E por fim, vejamos o artigo 1.149 do Código Civil:
“A cessão dos créditos referentes ao estabelecimento transferido produzirá efeito em relação aos respectivos devedores, desde o momento da publicação da transferência, mas o devedor ficará exonerado se de boa-fé pagar ao cedente.”
Portanto, assim como os débitos, os créditos do estabelecimento também são transferidos com a realização do negócio, salvo exista expressa disposição em contrário, caso contrário os devedores do estabelecimento deverão honrar seus compromissos perante o adquirente. Contudo, o devedor que de boa-fé realizar pagamento ao vendedor, será exonerado de responsabilidades.
Nas situações em que o vendedor necessita de anuência dos credores para a realização do negócio, se faz indispensável que estes sejam comunicados por meio hábil e eficaz, a fim de que não aleguem ignorância ato negocial.
Como fica a situação dos funcionários?
De acordo a CLT – Consolidação das Leis Trabalhistas, em regra os contratos de trabalho são transmitidos ao adquirente, salvo se, antes da transmissão, o contrato houver findado, ou havido acordo entre o vendedor e o adquirente, no sentido de que os trabalhadores continuarão o serviço em outro estabelecimento.

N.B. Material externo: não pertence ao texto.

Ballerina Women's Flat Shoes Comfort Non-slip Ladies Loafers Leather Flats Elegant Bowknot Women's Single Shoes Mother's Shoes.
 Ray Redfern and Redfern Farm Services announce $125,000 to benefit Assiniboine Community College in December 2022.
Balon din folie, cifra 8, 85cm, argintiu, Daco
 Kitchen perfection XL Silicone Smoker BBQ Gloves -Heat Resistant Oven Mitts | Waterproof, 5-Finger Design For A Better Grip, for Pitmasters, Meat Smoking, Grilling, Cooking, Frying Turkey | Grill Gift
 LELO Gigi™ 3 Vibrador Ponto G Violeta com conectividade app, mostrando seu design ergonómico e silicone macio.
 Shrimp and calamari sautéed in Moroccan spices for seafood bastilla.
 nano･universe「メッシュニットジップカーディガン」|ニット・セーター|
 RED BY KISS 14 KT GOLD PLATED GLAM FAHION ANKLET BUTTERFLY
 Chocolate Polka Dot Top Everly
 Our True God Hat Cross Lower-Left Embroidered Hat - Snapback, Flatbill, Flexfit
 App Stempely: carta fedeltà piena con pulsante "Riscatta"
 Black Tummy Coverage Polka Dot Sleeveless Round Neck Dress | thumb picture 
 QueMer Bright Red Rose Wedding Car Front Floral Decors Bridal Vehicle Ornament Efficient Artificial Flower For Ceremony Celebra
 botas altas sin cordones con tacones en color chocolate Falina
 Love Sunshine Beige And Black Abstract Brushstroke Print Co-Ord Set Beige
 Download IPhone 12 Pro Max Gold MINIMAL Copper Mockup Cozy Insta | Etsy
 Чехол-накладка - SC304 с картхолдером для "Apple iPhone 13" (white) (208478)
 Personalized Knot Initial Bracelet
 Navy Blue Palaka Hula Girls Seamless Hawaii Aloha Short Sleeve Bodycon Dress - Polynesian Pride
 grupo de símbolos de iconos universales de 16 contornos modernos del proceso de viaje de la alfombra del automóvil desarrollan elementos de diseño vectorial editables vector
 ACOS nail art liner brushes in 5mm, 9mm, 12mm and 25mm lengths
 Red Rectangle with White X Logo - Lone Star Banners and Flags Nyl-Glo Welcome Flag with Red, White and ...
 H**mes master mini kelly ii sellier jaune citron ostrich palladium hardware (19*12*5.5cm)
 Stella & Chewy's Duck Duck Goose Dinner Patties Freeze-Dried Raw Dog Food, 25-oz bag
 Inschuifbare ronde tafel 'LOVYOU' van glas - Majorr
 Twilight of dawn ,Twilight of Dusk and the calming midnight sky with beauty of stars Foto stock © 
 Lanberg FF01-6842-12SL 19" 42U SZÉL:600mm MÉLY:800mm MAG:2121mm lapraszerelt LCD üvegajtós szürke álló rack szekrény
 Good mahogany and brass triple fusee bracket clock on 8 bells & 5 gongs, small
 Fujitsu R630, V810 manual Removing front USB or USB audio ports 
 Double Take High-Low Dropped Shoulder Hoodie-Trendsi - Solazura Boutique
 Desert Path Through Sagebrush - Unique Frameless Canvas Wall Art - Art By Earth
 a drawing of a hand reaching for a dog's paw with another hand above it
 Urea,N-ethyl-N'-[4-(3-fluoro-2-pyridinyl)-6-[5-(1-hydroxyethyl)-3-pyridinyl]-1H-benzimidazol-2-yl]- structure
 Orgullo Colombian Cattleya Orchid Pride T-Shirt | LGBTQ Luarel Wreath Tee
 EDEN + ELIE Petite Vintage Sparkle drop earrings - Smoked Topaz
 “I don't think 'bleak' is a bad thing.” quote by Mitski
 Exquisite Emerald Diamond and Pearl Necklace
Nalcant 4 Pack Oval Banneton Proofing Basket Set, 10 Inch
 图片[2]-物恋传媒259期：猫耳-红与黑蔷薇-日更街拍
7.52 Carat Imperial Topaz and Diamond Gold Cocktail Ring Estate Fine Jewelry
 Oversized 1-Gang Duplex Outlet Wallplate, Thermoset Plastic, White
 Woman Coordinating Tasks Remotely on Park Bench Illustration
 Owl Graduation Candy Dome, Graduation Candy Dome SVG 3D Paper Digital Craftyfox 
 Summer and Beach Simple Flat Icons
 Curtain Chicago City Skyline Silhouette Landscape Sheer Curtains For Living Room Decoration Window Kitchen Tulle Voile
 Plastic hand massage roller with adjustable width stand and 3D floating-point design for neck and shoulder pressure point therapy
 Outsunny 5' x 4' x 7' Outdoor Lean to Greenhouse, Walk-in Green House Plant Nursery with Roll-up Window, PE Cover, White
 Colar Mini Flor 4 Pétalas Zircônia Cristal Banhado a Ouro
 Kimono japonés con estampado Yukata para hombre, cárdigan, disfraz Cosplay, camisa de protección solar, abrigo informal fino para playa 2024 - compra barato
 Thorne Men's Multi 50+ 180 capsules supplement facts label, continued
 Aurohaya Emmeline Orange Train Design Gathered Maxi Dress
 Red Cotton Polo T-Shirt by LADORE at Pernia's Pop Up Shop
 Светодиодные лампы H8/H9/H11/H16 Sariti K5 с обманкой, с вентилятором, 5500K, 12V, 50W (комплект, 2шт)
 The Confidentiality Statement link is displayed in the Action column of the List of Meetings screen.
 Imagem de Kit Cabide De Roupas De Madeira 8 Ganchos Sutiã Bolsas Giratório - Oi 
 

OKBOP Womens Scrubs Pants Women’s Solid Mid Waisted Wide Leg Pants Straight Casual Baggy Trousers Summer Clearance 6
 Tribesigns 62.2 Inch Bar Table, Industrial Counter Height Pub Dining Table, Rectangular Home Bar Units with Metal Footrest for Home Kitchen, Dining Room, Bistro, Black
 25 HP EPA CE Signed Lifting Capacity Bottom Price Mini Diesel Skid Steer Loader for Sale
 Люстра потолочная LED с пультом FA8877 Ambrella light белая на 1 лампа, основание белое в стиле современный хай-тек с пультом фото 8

Neste caso, deverá ser observado que o trabalhador não poderá ser prejudicado. Observa-se que a mudança patronal não depende de anuência do trabalhador.
Vejamos o disposto no artigos 10 e 448 do Decreto Lei nº 5.451/93, respectivamente:
“Qualquer alteração na estrutura jurídica da empresa não afetará os direitos adquiridos por seus empregados.”
“A mudança na propriedade ou na estrutura jurídica da empresa não afetará os contratos de trabalho dos respectivos empregados.”
E o contrato de locação do estabelecimento?
Nos termos do artigo 13 da Lei nº 8.245/91 – Lei do Inquilinato, exige-se o consentimento prévio e por escrito do proprietário do imóvel.
Vejamos redação do artigo supracitado e seu parágrafo segundo:
“A cessão da locação, a sublocação e o empréstimo do imóvel, total ou parcialmente, dependem do consentimento prévio e escrito do locador.
§ 2º Desde que notificado por escrito pelo locatário, de ocorrência de uma das hipóteses deste artigo, o locador terá o prazo de trinta dias para manifestar formalmente a sua oposição.”
Notificado, o proprietário do imóvel possuirá o prazo de 30 (trinta) dias para manifestar formalmente sua posição, sendo que o silêncio importa em consentimento tácito.
Caso não haja essa comunicação formal por parte do vendedor ao proprietário do imóvel, a transferência do fundo de comércio será denominada “clandestina”, termo utilizado pelo STJ – Superior Tribunal de Justiça, quando a venda do estabelecimento comercial é realizada sem a anuência do proprietário do imóvel/locador.
Nesta situação o mesmo diploma em seu artigo 9º, inciso II, assegura ao proprietário do imóvel a propositura da Ação de Despejo:
“A locação também poderá ser desfeita:
II – em decorrência da prática de infração legal ou contratual.”
Ainda que o adquirente cumpra com todas as suas obrigações, a lei assegura ao proprietário essa possibilidade.
Notadamente, o Trespasse é um instituto recheado de peculiaridade e variáveis. Há a necessidade de cautela frente aos desdobramentos do caso concreto, logo, se faz indispensável um profissional perspicaz, uma vez que, a realização do negócio é norteada de riscos que podem comprometer a prática da atividade comercial.